(Beginning of PROVIDED MATERIAL)

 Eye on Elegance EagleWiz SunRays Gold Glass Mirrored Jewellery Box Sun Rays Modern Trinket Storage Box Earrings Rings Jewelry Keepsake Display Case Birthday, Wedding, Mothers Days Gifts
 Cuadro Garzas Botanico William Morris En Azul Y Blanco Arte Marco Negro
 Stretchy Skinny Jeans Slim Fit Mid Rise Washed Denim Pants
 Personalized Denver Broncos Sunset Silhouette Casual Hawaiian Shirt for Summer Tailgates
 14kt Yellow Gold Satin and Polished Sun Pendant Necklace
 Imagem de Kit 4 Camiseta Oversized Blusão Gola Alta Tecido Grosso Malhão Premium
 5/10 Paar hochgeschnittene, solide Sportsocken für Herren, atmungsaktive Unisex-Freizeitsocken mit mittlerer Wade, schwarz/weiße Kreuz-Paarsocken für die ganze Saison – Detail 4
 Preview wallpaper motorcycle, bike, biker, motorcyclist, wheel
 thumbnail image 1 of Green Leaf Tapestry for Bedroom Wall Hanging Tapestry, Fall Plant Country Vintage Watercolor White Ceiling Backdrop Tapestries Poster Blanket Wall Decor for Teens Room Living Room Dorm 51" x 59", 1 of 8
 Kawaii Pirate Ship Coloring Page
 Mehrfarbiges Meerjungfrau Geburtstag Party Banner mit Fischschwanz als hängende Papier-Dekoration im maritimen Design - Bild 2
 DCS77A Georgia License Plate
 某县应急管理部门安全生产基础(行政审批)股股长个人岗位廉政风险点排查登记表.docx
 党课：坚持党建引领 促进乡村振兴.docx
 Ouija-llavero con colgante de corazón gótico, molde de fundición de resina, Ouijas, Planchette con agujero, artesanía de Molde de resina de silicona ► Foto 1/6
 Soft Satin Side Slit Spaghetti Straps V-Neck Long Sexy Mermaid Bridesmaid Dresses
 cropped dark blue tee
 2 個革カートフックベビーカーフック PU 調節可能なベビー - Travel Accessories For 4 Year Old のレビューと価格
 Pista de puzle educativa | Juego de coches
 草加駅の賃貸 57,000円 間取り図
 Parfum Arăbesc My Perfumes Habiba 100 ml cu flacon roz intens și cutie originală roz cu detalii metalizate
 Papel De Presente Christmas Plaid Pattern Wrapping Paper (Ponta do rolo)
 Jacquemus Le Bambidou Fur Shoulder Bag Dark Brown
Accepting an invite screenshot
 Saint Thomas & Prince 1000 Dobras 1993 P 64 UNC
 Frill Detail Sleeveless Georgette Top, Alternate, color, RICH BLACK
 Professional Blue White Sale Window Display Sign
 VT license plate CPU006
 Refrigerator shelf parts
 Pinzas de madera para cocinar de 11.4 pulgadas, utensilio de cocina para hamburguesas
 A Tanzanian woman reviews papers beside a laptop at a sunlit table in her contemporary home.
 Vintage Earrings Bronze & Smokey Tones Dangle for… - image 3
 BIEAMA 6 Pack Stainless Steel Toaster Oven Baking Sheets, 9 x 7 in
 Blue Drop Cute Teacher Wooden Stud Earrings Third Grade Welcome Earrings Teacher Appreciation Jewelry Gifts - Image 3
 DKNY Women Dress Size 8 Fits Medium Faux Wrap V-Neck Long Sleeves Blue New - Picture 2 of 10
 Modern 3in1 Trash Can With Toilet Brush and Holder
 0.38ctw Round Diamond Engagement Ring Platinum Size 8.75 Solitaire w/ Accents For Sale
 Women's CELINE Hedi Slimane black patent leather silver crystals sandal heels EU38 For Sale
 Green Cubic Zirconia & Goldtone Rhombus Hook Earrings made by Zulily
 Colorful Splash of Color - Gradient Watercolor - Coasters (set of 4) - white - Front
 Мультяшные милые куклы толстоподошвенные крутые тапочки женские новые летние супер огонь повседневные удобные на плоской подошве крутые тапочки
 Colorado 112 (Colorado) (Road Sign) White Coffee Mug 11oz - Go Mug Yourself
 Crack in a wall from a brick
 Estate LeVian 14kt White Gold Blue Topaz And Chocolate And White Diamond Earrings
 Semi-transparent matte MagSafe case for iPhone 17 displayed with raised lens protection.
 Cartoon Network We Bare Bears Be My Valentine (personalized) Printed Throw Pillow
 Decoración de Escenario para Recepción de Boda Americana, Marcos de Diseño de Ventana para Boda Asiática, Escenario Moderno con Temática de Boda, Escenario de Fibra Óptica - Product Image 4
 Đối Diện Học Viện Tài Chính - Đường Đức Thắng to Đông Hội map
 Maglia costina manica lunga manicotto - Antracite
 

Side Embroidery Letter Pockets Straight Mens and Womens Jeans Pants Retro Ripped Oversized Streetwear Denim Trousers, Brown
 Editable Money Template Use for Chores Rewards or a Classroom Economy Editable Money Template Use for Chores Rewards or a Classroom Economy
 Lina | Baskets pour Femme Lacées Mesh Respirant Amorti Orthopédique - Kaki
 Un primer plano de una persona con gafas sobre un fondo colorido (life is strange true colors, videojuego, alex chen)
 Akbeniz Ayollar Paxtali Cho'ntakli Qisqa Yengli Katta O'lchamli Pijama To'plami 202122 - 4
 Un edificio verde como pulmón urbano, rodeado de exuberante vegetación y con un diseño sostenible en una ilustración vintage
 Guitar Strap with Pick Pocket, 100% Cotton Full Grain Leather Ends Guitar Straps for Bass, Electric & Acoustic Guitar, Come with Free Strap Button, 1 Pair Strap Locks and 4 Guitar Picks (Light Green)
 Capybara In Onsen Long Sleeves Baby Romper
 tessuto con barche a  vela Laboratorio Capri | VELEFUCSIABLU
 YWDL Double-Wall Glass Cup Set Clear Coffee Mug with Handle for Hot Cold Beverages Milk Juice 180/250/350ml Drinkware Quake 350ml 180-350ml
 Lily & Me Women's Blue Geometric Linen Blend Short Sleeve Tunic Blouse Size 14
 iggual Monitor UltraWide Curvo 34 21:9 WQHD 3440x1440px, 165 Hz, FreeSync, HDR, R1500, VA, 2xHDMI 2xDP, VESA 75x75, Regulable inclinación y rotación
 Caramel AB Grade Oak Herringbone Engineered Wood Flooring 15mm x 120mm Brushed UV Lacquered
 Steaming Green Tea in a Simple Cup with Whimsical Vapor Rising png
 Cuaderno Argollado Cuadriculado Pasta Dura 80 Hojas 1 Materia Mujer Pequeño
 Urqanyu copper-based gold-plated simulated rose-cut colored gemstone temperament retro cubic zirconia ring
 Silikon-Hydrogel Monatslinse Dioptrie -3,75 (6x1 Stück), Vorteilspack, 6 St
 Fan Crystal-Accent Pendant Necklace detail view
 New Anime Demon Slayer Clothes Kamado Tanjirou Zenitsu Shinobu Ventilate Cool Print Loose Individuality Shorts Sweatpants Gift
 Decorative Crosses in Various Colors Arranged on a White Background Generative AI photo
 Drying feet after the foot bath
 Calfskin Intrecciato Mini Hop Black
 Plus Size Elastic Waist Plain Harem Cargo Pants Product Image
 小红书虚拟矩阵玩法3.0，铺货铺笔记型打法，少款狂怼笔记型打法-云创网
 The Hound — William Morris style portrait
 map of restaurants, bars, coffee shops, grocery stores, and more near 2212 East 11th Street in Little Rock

(End of PROVIDED MATERIAL)

Write out again, exactly, the lines from the start of the entries up to and including the one with "Imagem de Kit". Nothing else belongs in the reply.

 Eye on Elegance EagleWiz SunRays Gold Glass Mirrored Jewellery Box Sun Rays Modern Trinket Storage Box Earrings Rings Jewelry Keepsake Display Case Birthday, Wedding, Mothers Days Gifts
 Cuadro Garzas Botanico William Morris En Azul Y Blanco Arte Marco Negro
 Stretchy Skinny Jeans Slim Fit Mid Rise Washed Denim Pants
 Personalized Denver Broncos Sunset Silhouette Casual Hawaiian Shirt for Summer Tailgates
 14kt Yellow Gold Satin and Polished Sun Pendant Necklace
 Imagem de Kit 4 Camiseta Oversized Blusão Gola Alta Tecido Grosso Malhão Premium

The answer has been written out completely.